Et les voitures chinoises dans tout ça ?
Leur succès au Maroc est indéniable. Design attractif, technologies embarquées, sécurité, prix compétitifs… Les marques chinoises répondent aux attentes d’une classe moyenne en expansion, qui accède plus facilement au crédit et recherche des véhicules bien équipés à coût modéré. Le marché intérieur marocain, qui a vu ses ventes passer de 122 000 véhicules en 2014 à plus de 176 000 en 2024, est un terrain fertile pour ces marques. Mais pour durer, elles devront s’implanter profondément : renforcer les réseaux de distribution, assurer un service après-vente efficace, construire une image de marque crédible.
Toutefois, la relation entre le Maroc et la Chine dans l’automobile ne ressemble en rien à une guerre de parts de marché. Il s’agit plutôt d’un partenariat tactique où chacun joue une carte différente mais complémentaire. Les constructeurs chinois trouvent au Maroc un accès fluide vers l’Europe, des coûts de production compétitifs, une base logistique stable et décarbonée, pendant que le Maroc bénéficie de transferts de technologie, de création d’emplois qualifiés, d’une montée en gamme industrielle et surtout, d’un renforcement de son soft power économique.

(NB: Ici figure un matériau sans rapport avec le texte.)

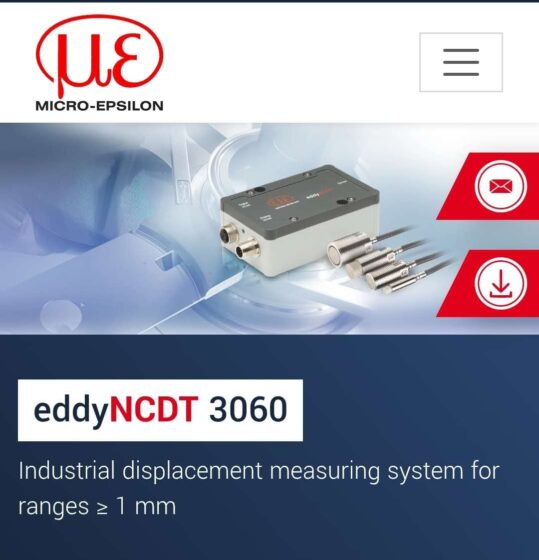 Micro-Epsilon eddyNCDT 3060 Eddy Current Displacement Sensor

À travers Tanger Tech et les dizaines d’accords signés depuis la visite royale de 2016 à Pékin, c’est toute une architecture de coopération qui se dessine.
Le Maroc, carrefour industriel mondial
Le Maroc ne choisit pas entre Orient et Occident, il s’inscrit au carrefour de plusieurs pôles de puissance, et une agilité géoéconomique qui fait sa force. Alors que certains acteurs européens délocalisent leur production pour rester compétitifs, et que la Chine cherche à contourner les barrières tarifaires européennes, le Maroc se retrouve au centre de l’échiquier.

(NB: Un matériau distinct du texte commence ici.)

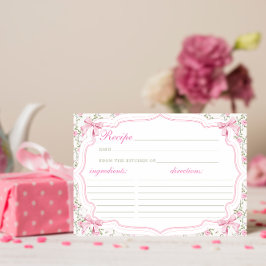 Coquette Rosa Bow Recipe för Bride RecipeCard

Le « Made in Morocco » est désormais une signature reconnue dans plus de 70 pays. En attirant la Chine sans perdre l’Europe, en développant son propre tissu industriel tout en restant ouvert, le Royaume ne subit pas la mondialisation, il l’organise.

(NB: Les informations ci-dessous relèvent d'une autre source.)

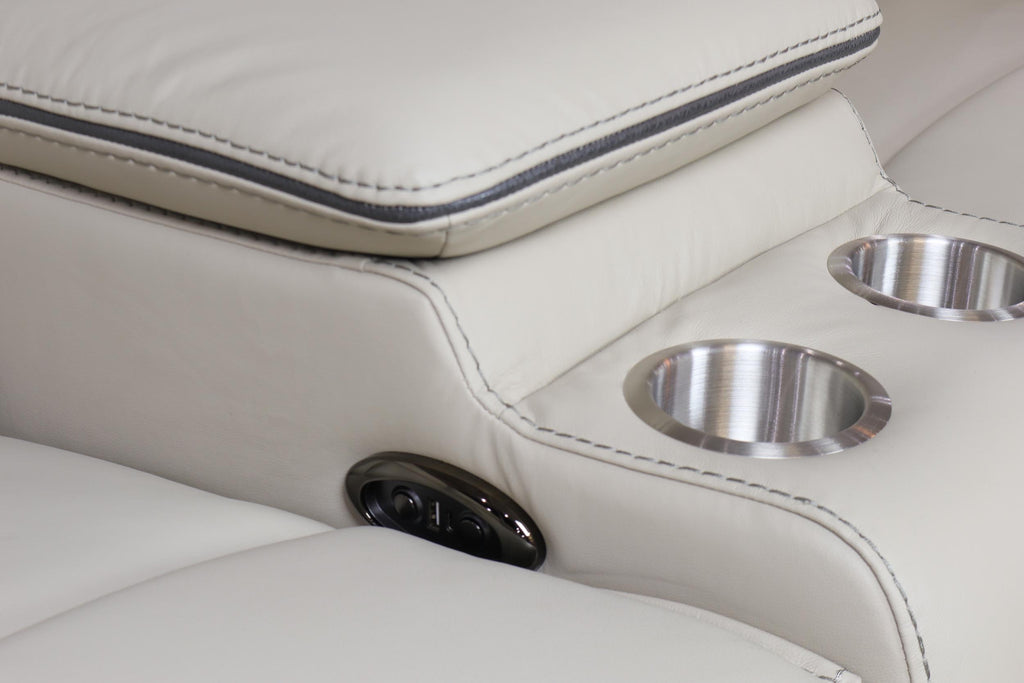 Cream Leather Power Reclining Motion Sectional with USB Ports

Alors, défi ou complémentarité ? Ni l’un ni l’autre, ou plutôt les deux à la fois, dans une logique d’interdépendance intelligente. La Chine, en installant ses marques et usines au Maroc, parie sur un futur commun. Et le Maroc, fort de sa position stratégique est devenu une force industrielle, où même les géants chinois viennent s’ancrer pour rêver plus grand.